[Crawled caption data]
*****

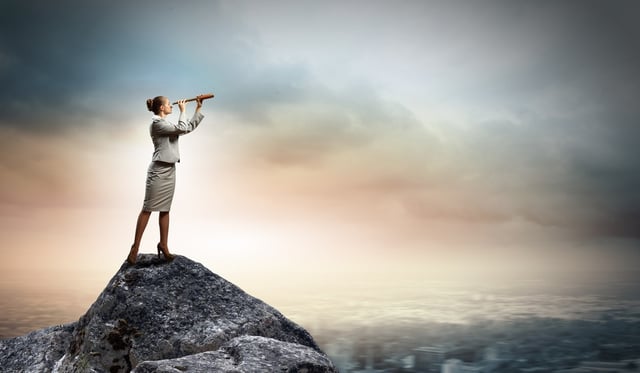 Businesswoman looking in telescope standing atop of rock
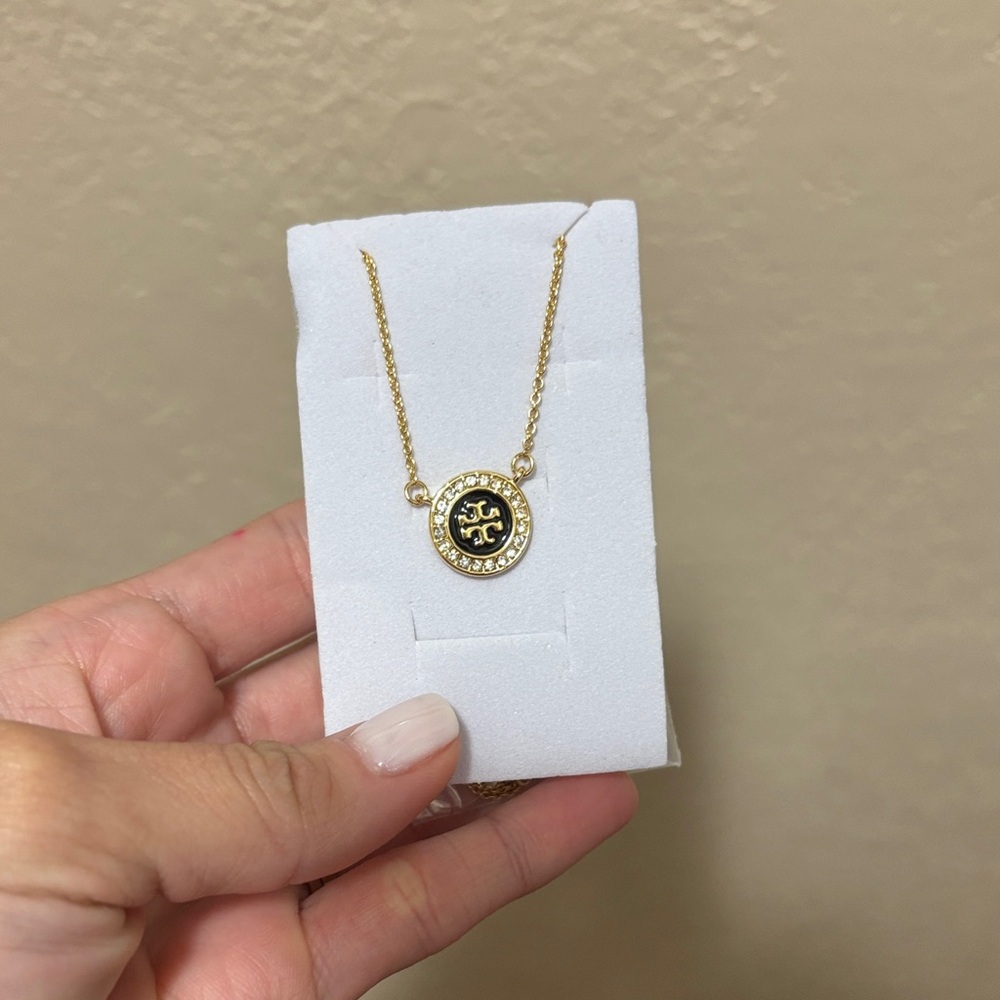 Elegant Gold and Black Tory Burch Pendant Necklace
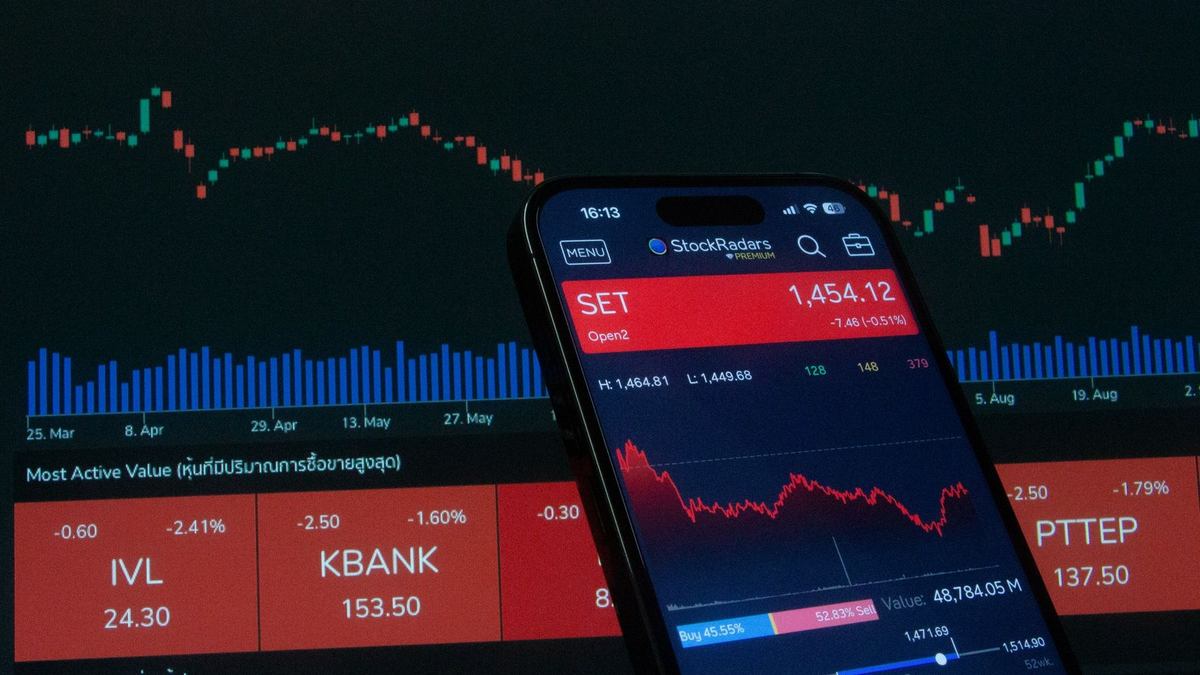 Smartphone montrant des graphiques boursiers avec des barres colorées et des chiffres en rouge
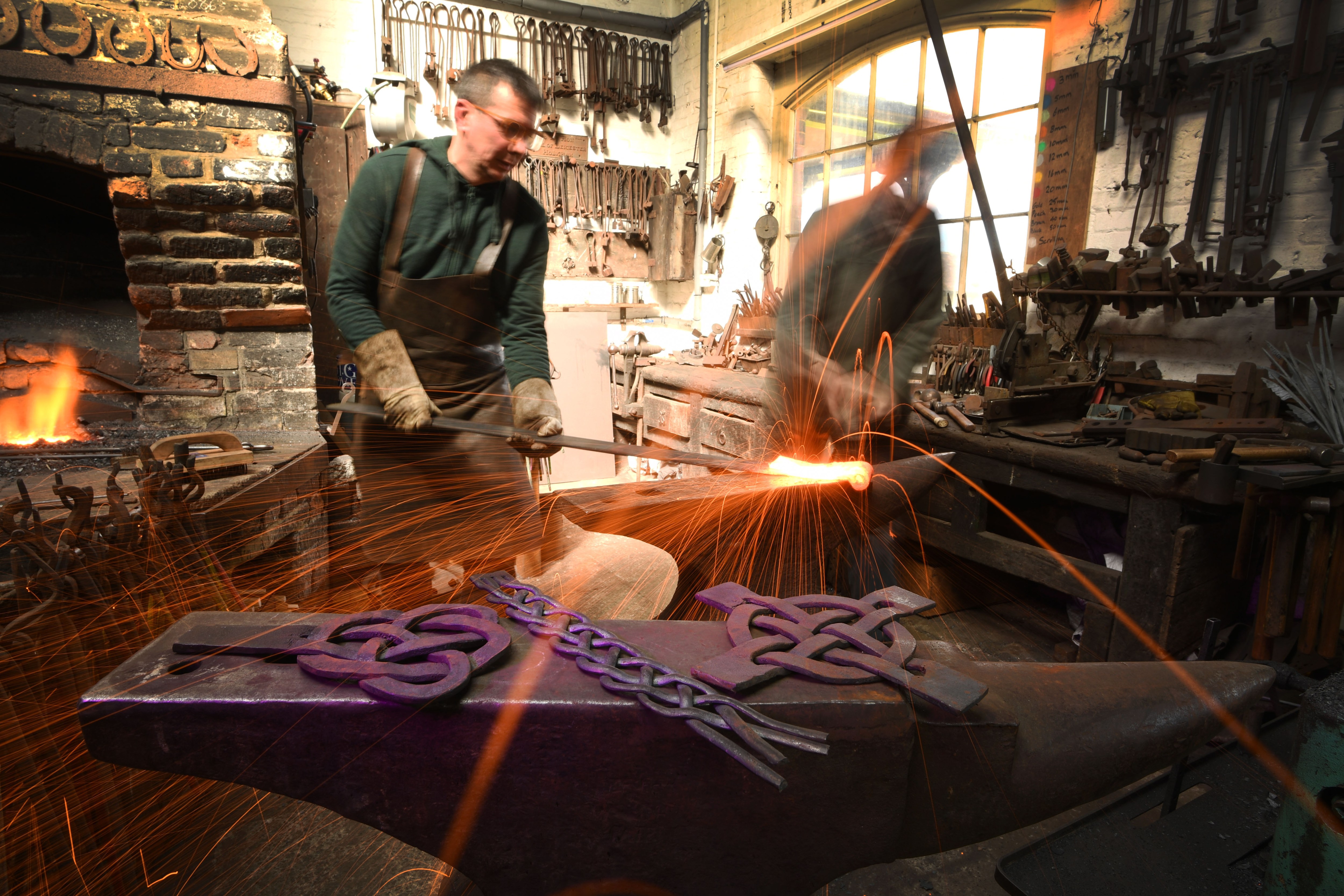 The artist blacksmiths James Spedding and Roger Foyster battle the heat at Holkham forge as they hammer into shape one of over 80 large decorative medieval metal work designs for a commission that will help transform the keep of Norwich Castle into its former glory. As well as crafting decorative door panels, hinges and latches, the pair have also made more than 2,000 traditional fixings, nails and bolts that will bring authenticity to the £15 million Royal Palace Reborn project opening later this year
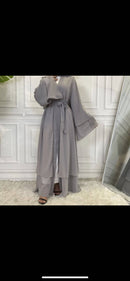 This lovely chiffon abaya features a longline two layer design with loose sleeves, and a comfortable and lightweight material. 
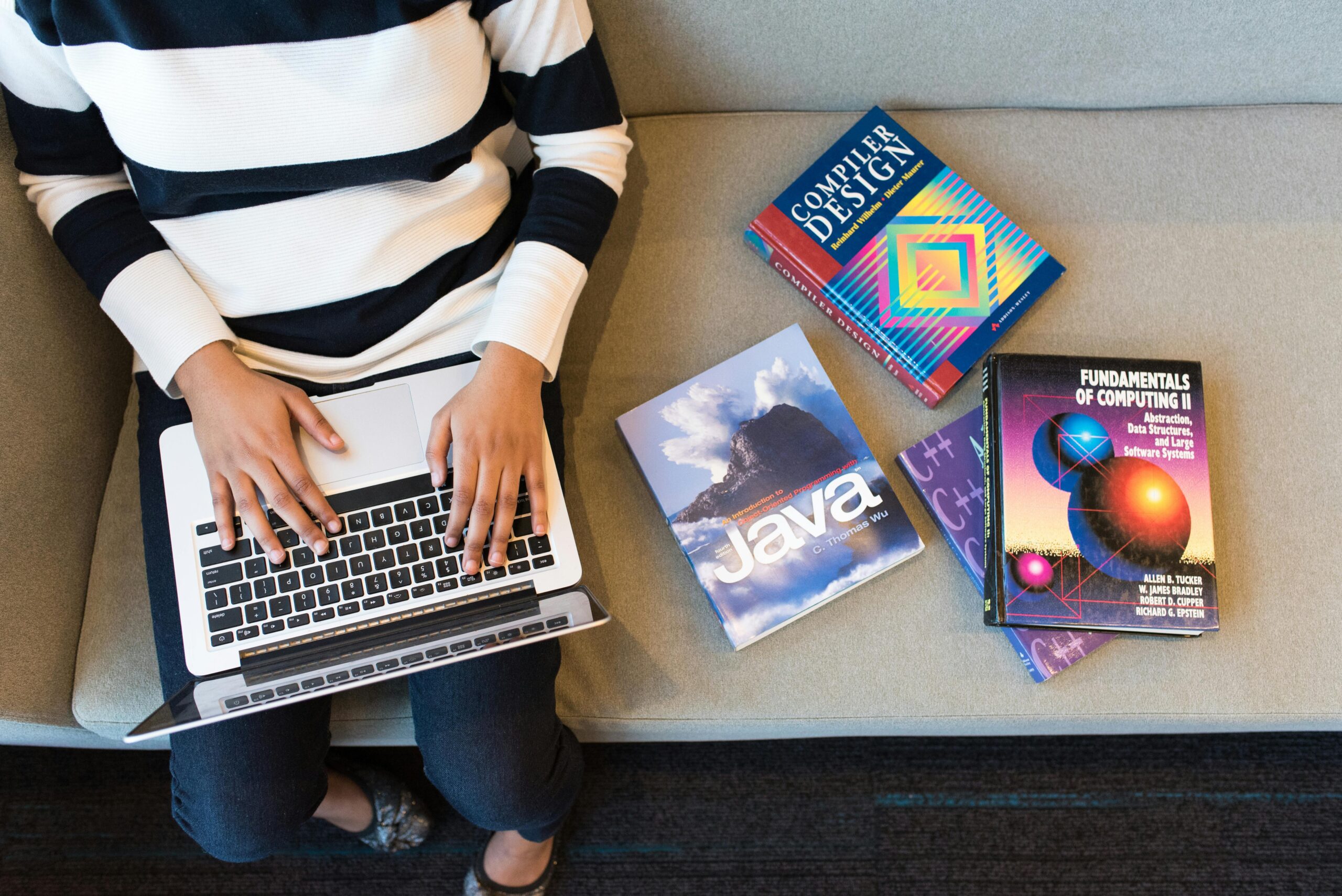 A student with textbooks on computer programming studying on a laptop.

*****

**EXERCISE:** Every entry, word for word: repeat it, but skip the images.

**OUTPUT OF THE EXERCISE:**
 Businesswoman looking in telescope standing atop of rock
 Elegant Gold and Black Tory Burch Pendant Necklace
 Smartphone montrant des graphiques boursiers avec des barres colorées et des chiffres en rouge
 The artist blacksmiths James Spedding and Roger Foyster battle the heat at Holkham forge as they hammer into shape one of over 80 large decorative medieval metal work designs for a commission that will help transform the keep of Norwich Castle into its former glory. As well as crafting decorative door panels, hinges and latches, the pair have also made more than 2,000 traditional fixings, nails and bolts that will bring authenticity to the £15 million Royal Palace Reborn project opening later this year
 This lovely chiffon abaya features a longline two layer design with loose sleeves, and a comfortable and lightweight material. 
 A student with textbooks on computer programming studying on a laptop.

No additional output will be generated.